Senator from Brazoria District
- In office November 30, 1836 – December 16, 1836
- Preceded by: Inaugural holder
- Succeeded by: William Green Hill

Secretary of State of Texas
- Acting April 29, 1836 – May 23, 1836
- Preceded by: Samuel Price Carson
- Succeeded by: William Houston Jack

Delegate to the Convention of 1836 from Brazoria District
- In office February 1, 1836 – March 17, 1836

United States Attorney for the Western District of Tennessee
- In office 1829–1835
- Preceded by: Thomas H. Fletcher
- Succeeded by: William T. Brown

Personal details
- Born: 1802 Davidson County, Tennessee, U.S.
- Died: July 11, 1838 (aged 35–36) Galveston, Republic of Texas
- Resting place: Founders Memorial Cemetery

= James Collinsworth =

American judge

James Thompson Collinsworth (1802 – July 11, 1838) was an American-born Texan lawyer and politician prominent in early history of the Republic of Texas.

==Early life==
Collinsworth was born in Davidson County, Tennessee in 1802. His father, Edward Collinsworth, served in the American Revolutionary War and the War of 1812. His sister, Susan, married Mark R. Cockrill, a large planter known as the "Wool King of the World".

==Career==
Collinsworth served as the United States Attorney for the Western District of Tennessee.
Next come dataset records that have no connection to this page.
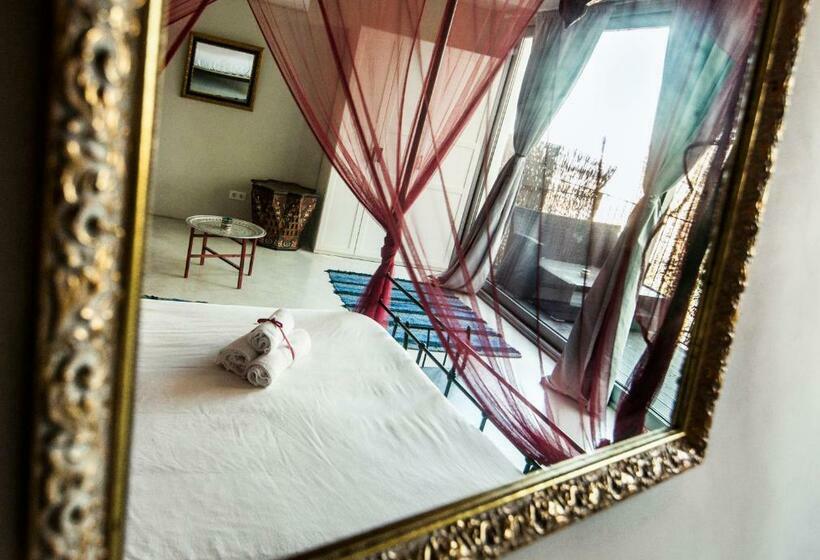 バスタブ付きスーペリアールーム, Les Suites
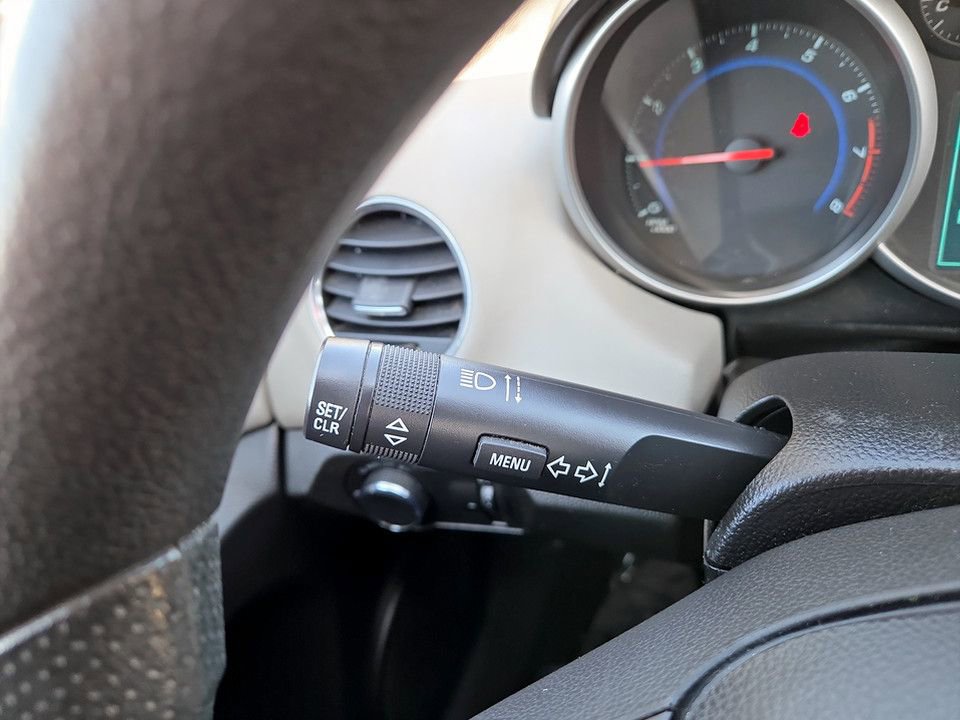 Used 2016 Chevrolet Cruze LT image 19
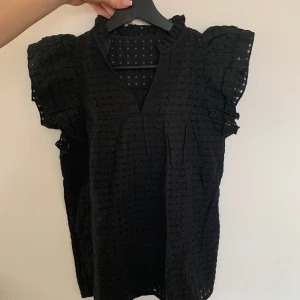 Topp - Jätte söt top. Skriv om ni har några frågor. 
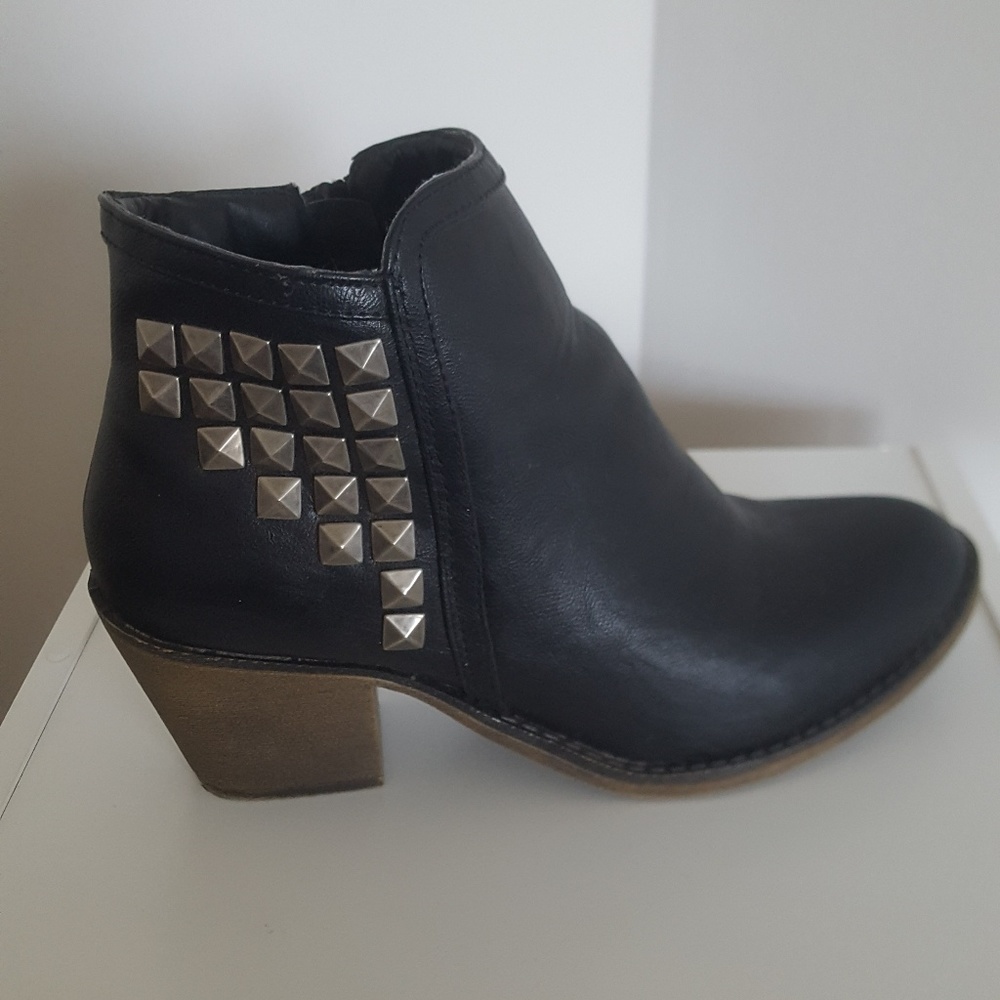 Ankle Boot Cute & Trendy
Collinsworth served as a signer of the Texas Declaration of Independence, the first chief justice of the Supreme Court of the Republic of Texas, and as the acting Secretary of State of Texas.

Collinsworth was a candidate during the 1838 Republic of Texas presidential election against Mirabeau B. Lamar.

==Death and legacy==
On July 11, 1838, just days after his Presidential Campaign was reported, Collinsworth drowned after falling from a steamboat into Galveston Bay. It is usually suspected that he committed suicide. His body was found on Bolivar Peninsula and taken by boat upstream along Buffalo Bayou to Houston, where he lay in state at the Texas Capitol. He was interred at Founders Memorial Cemetery in Houston.

Collingsworth County, Texas and Collingsworth Street in Houston, were both posthumously named in his honor, even though both were misspelled.